Dustin, the first puppet to grace the Eurovision stage, has started to come over all patriotic. It seems the fowl-mouthed novelty act is serious about getting Ireland back in tune with the song contest spirit, writes Karen Fricker.
WHAT TO THINK about the bird? That's the question being pondered up and down the land this weekend, as Ireland faces the implications of being the first country to be represented in the Eurovision Song Contest by a singing puppet. There have been puppet-themed songs before - a barefoot Sandie Shaw won for the UK in 1967 with Puppet on a String, and two years before that Serge Gainsbourg's Poupée de Cire, Poupée de Son took home honours for France - but our own Dustin the Turkey is the only actual puppet to ever front a Eurovision act.
In doing so, Dustin has generated the most publicity of any Eurovision performer this year, and created a buzz around Ireland's presence in the contest that was desperately needed after a decade of declining fortunes that reached its nadir last year with last place in the Eurovision final.
With his brassy persona, knowingly snarky lyrics (another Eurovision first is his mention of "Terry Wogan's wig") and an entourage of back-up performers decked in tricolour maribou feathers, Dustin is cutting a newsworthy figure in the run-up to next Saturday's contest in Belgrade.

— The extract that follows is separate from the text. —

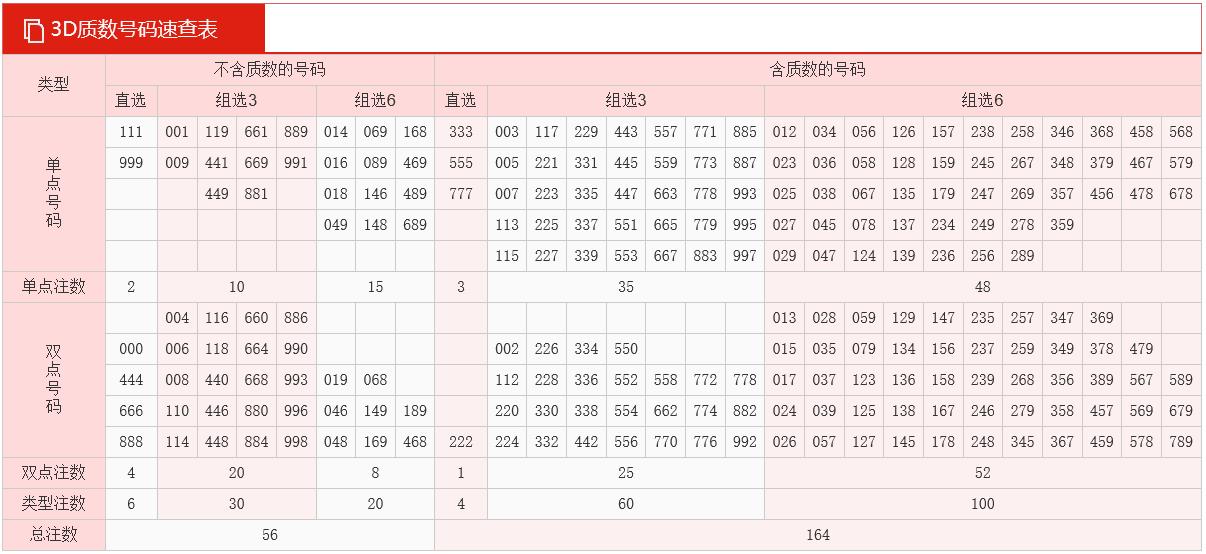 福彩3d奇偶分析技巧,福彩3d看图猜谜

But when he finally takes the stage on Tuesday night to sing Irlande Douze Points in the first Eurovision semi-final, will Europe be laughing with us or at us? It's hard to know, even for experienced Eurovision hands. Phil Coulter, co-writer of three high-scoring Eurovision songs (including Puppet on a String), summed up the current confusion when he confessed to Ryan Tubridy that he's "seriously on the fence about the turkey".
One of Eurovision's nicer characteristics is the way in which it promotes benign national feeling: whatever your personal tastes, there is a strong drive to get behind your country's act and cheer it on, come what may. But Dustin's entry into the Eurovision arena is too left-field to have allowed a consensus to form around him, or indeed any agreement on what his participation might represent about today's Ireland and its attitude towards Eurovision.

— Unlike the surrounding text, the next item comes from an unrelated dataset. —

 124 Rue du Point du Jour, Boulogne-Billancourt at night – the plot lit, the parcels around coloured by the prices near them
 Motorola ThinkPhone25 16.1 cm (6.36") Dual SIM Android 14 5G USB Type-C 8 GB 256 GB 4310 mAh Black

Perhaps the way through this interpretative morass is to accept that Dustin's presence in Eurovision is just as ambiguous and as multi-layered as our feelings about it. This would involve acknowledging that ever since he popped up on the cultural radar in the early 1990s, Dustin has been difficult to categorise.

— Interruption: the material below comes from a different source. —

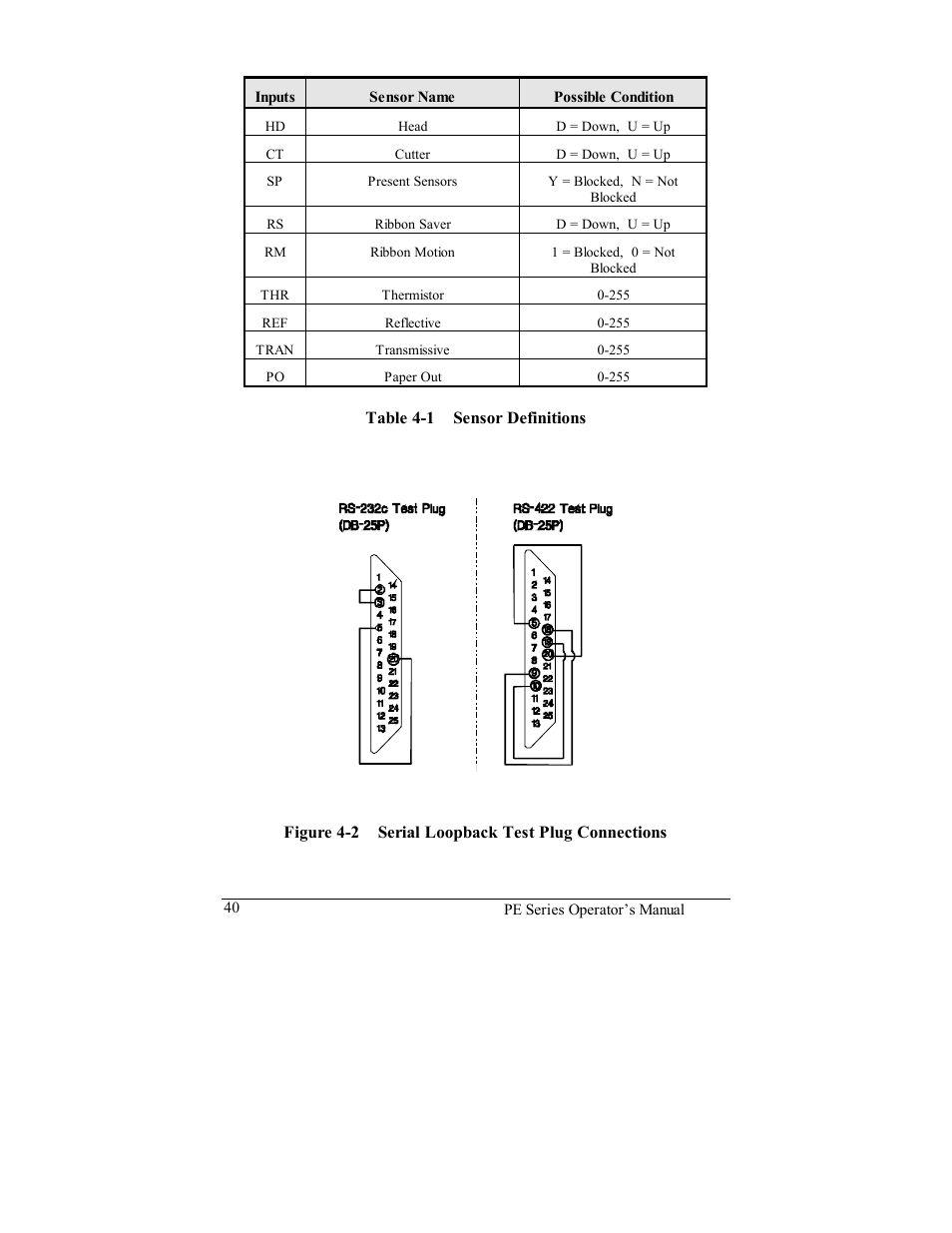 Datamax PE User Manual | Page 50 / 100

On the one hand, he's a farting, burping, fowl-mouthed cartoon, given to puerile humour, swingeing cultural objectification (everyone who's not from Dublin is a "culchie") and shameless self-promotion. On the other, he's a sophisticated comic device whose non-human status allows him to do and say things that people can't get away with. Unlike many other topical Irish comedians, Dustin has never been censured by RTÉ, even when he sends up the broadcaster and its biggest stars on its own programmes.
His unofficial presidential campaigns presciently mocked political corruption and became an outlet for public frustration with the powers that be. Through his fictional occupation as a builder, he could criticise the laziness and self-satisfaction of boomtime Ireland (he was always on a tea-break), while his identity as a plain-speaking working-class bloke allowed him to cultivate a "man of the people" persona.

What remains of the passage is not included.